In my first letter to Manager I asked him what he thought of us having 5 kids all together. He responded that he wasn't all romantic about it, but that if we are right for eachother we will be right for the 5 kids too. I loved that reply and I think nomatter who I end up with I need it to be someone with that view on life.. You of course deserve someone who can see you and your DD as a wonderful addition to his own life - not a problem.

I am not quite sure what you refer to when you say I mentioned a casual relationship? With Manager it definately is not casual at this point. I am certain he is not seing anyone else and know for a fact that even after meeting me once he put his dating profile on standby. I wonder if I could have ment casual in the way that we still both understand and try to remember that we don't know where this is going and that we are still just getting to know eachother. Or did I mention casual in relation to your relationship?
Your words about being in love with a dream ring true. I know that LL didn't turn out to be the person I had envisioned and imagined. I actually think he could have been that person - but he chose not to.
So now I am trying the more conscious and reasonable approach. I do feel the Manager relationship-think could definately have potential if I manage to let go of the stuff I am carrying so working on that and allowing things to develop.

Will be seeing him again next friday - a whole night without kids - so looking forward to that
post #24 of 101
Holland, I find you wise. I just wish I could think that way more often.

I think I've also often fell in love with ideas. Heck, I've brought it to some pretty nutty extremes in the past with knowing a few people onlines for years and years.

Seie, the Manager sounds good. I do get concerns of things moving so fast when you are still getting over LL. Does he know about LL?

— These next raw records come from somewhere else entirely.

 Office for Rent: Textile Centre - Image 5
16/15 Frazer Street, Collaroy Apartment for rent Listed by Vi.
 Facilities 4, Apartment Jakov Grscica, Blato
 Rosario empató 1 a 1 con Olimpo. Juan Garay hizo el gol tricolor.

My date with Cool Blast was a flop. There wasn't much of any chemistry. She's a sweet gal, and we had a nice dinner (best pasta I've ever had? wow!), played some Rock Band and watched a movie, but I don't see it going anywhere. Oh well!
post #25 of 101
Quote:
Originally Posted by Seie View Post
Your words about being in love with a dream ring true. I know that LL didn't turn out to be the person I had envisioned and imagined. I actually think he could have been that person - but he chose not to.
I think I have been able in the past to see someone's *potential* so vividly I could fall in love with the potential. But you can't have a relationship with Potential. I'm trying to see people's limitations more clearly and go from there.
post #26 of 101
Quote:
Originally Posted by Zeta View Post

I personally would not see his stated reason for breaking up with you as mature. Because his dd might be jealous? I don't see why she can't have her feelings (whatever they are, maybe not jealousy) and he can still have the right to find and, if it works out, make a life with a single mom who has full custody - so long as he always saves a special place in the new family for her?

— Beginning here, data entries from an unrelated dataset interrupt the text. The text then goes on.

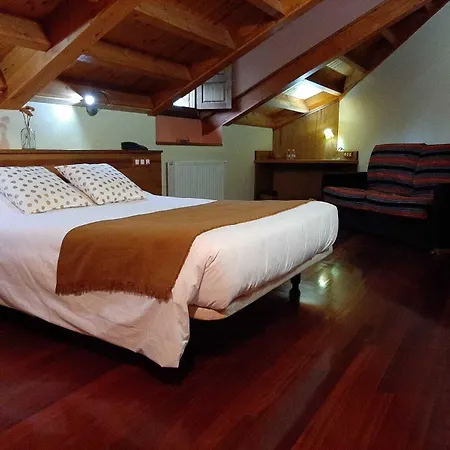 Hotel Rural El Rexacu 2*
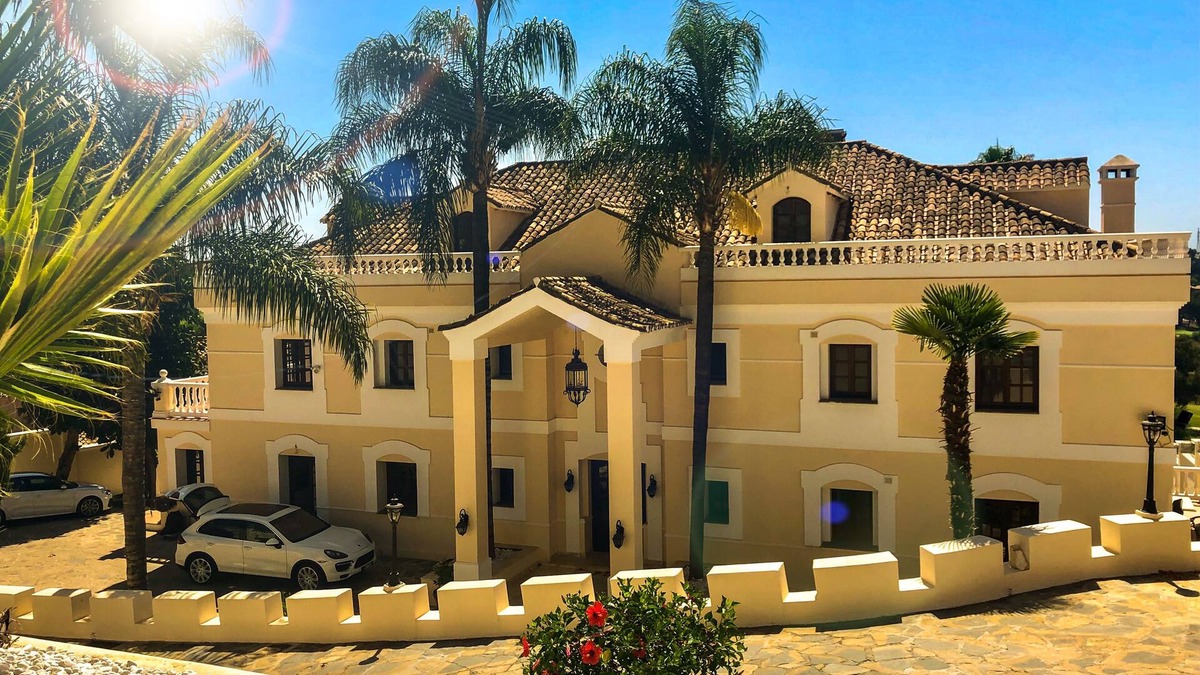 New Golden Mile House | Directly on the Golf course.Huge Golf and Spa Mansion 8 min from Puerto Banus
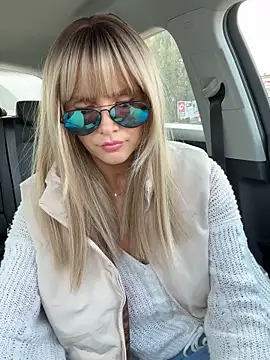 NaughtyNinky online show from 04/01/26, 11:55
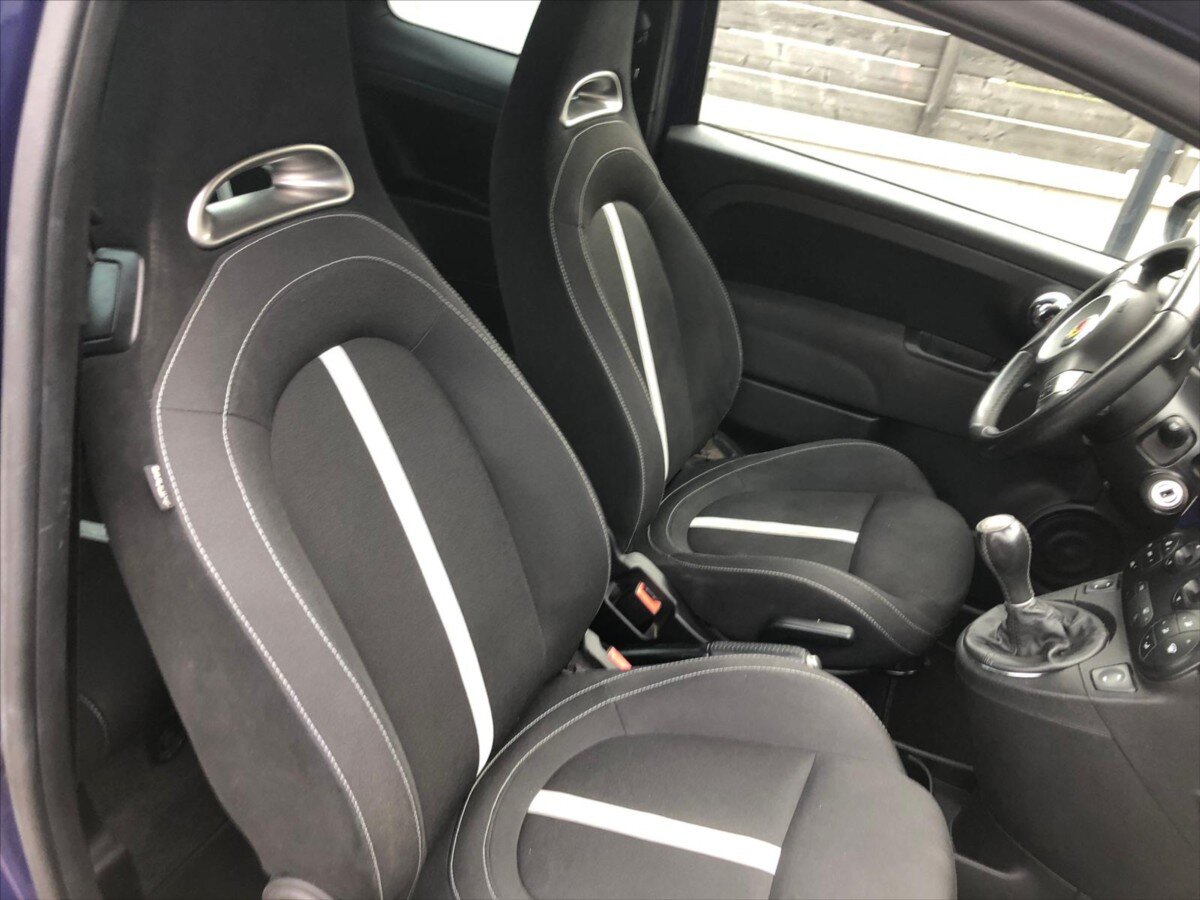 Fiat 500 Hatchback 1,4 l 103 kw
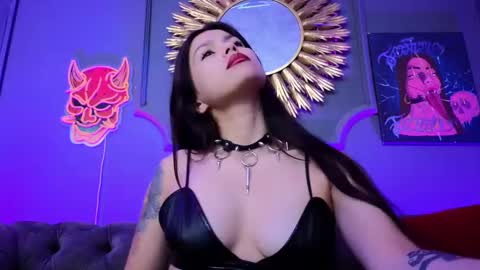 Snapshot of julieta_russell chatting on January 2025 03:39:01 PM Julieta online show from January 2025 03:39:01 PM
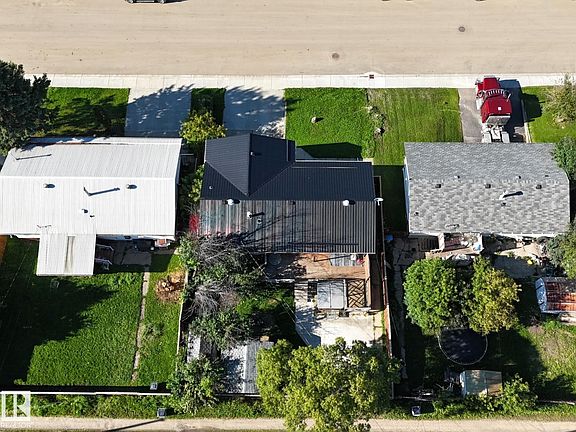 5th image of 4631 47th Ave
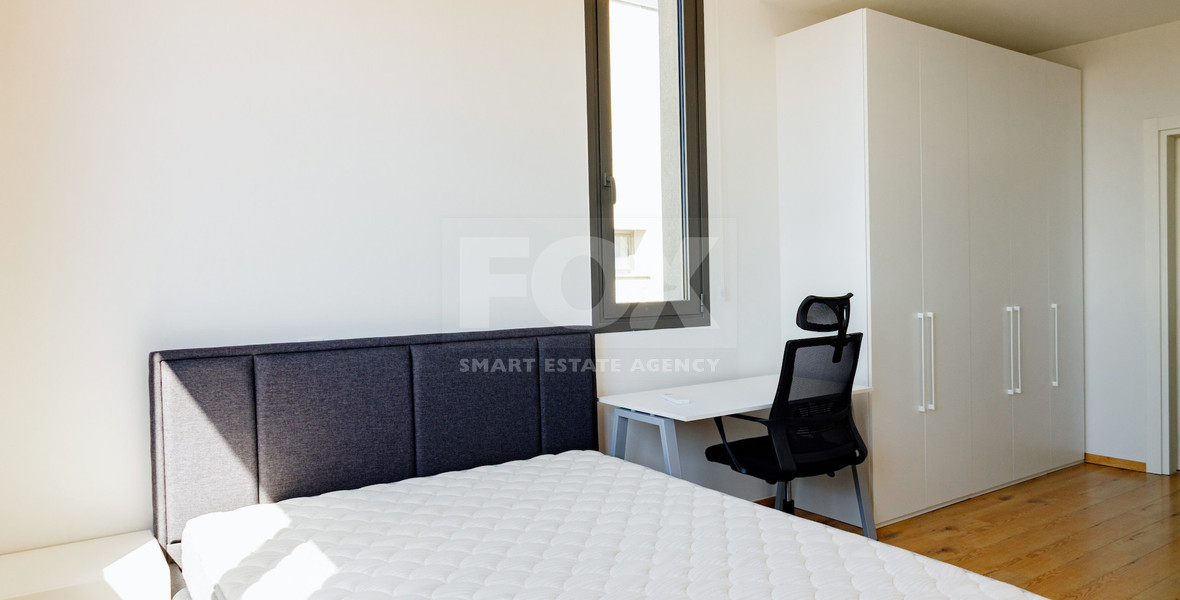 Modern Two-Bedroom Apartment with Communal Pool & Gym in Mesa Geitonia –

I think guilt should not be a decision-making driving force. Besides, there's every reason to believe that if a single dad were to move in with you and your ds, that this scenario would provide an added *richness* to the single dad's own children's life; the special home life you all would create together, the special personalities that you and your ds have. It would probably be a mixed bag, some loss of the 1:1, but new goodness as well. It's not all deficit if a single dad moves in with a single mom who has full custody.

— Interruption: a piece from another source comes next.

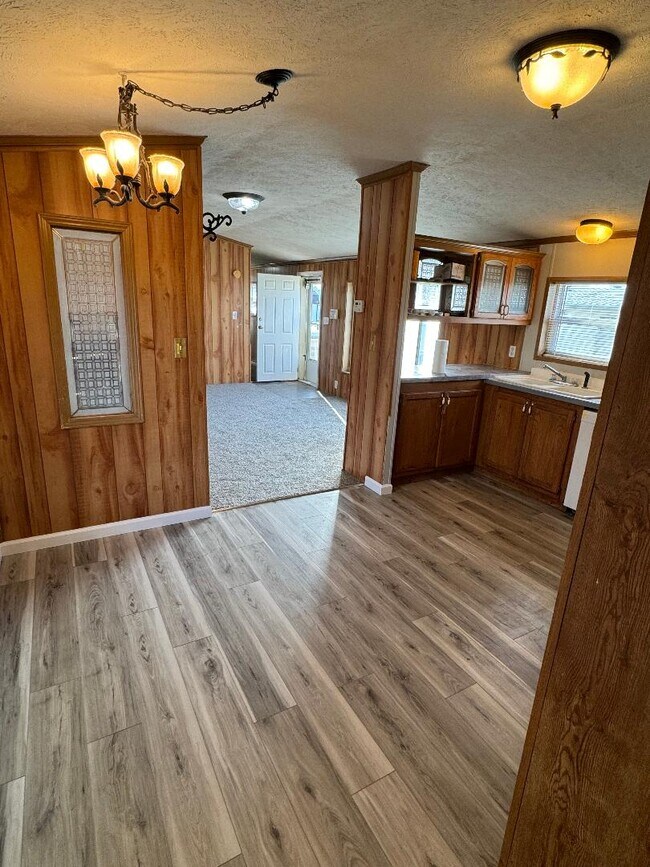 Foto del edificio - 1272 Kathy Ave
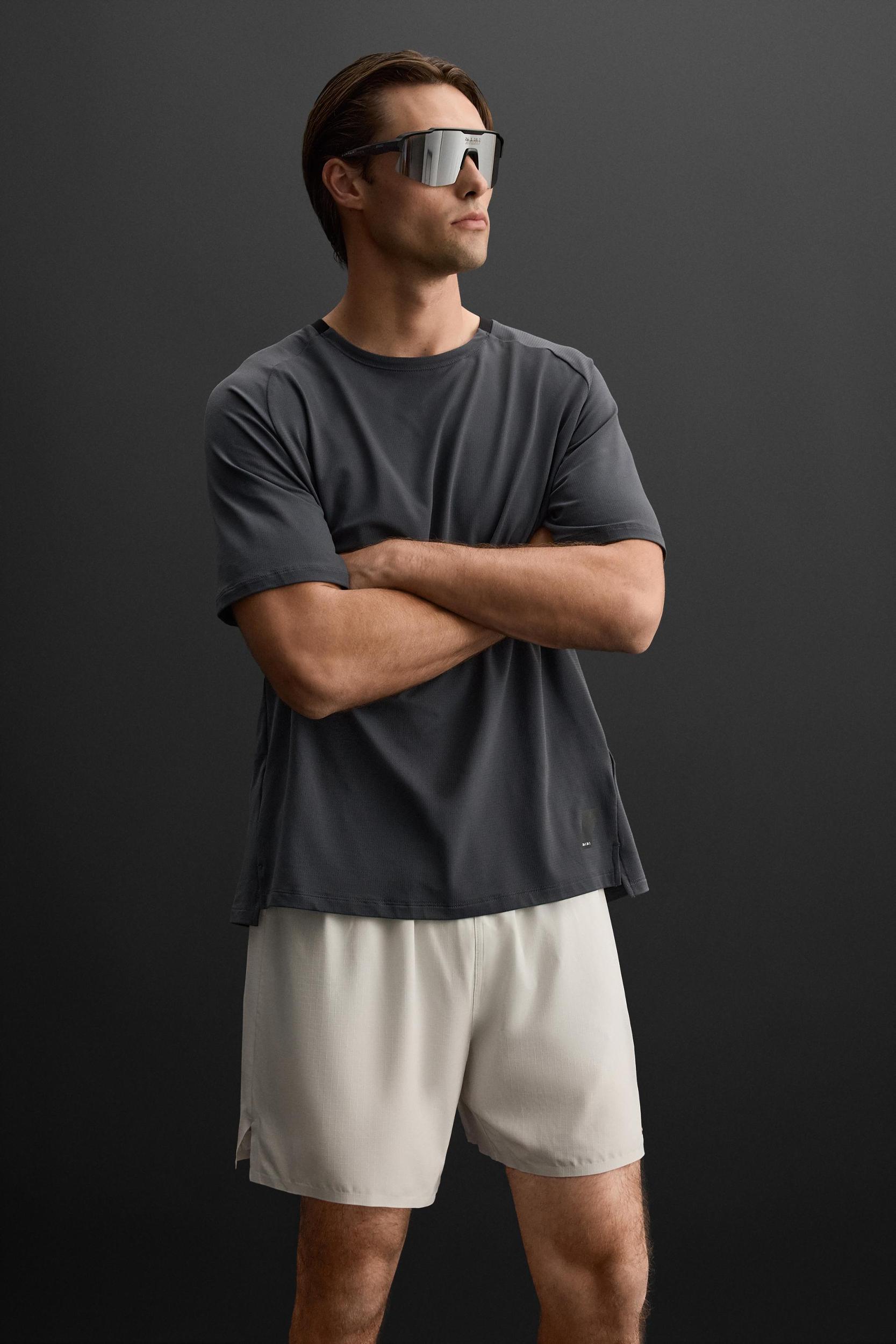 TEXTURED RUNNING SHORTS Product Image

Life's an adventure! And children should be allowed to have their feelings (happy/ sad/ jealous) without the fear of those feelings ruling the parents' life.

Just my 2-cents.
Zeta... were you in my head last night during that conversation with him??? Honestly, that was EXACTLY what I was thinking, particularly the bolded parts.
post #27 of 101
Quote:
Originally Posted by Zeta View Post
I personally would not see his stated reason for breaking up with you as mature. Because his dd might be jealous?

Really? I see a certain maturity. Holland, do I remember correctly that he wasn't that long out of a relationship??

He recognized what he was thinking, made the decision that it was currently valid to him and ended things honestly.

Many single moms, Holland in the past as well, don't want to date men with children. I know that I don't really want to. It really doesn't appeal to me--I don't want more kids. It seems complicated--and yes, some of that is the jealousy and reactions of your own children or the step-children. I know my limits of what I can handle right now and that isn't a part of it.

I've had to work my ass off for my own, and my children's mental health. A relationship that brings other children into the mix isn't worth it to me. (Things could certainly change, but that's what I feel right now)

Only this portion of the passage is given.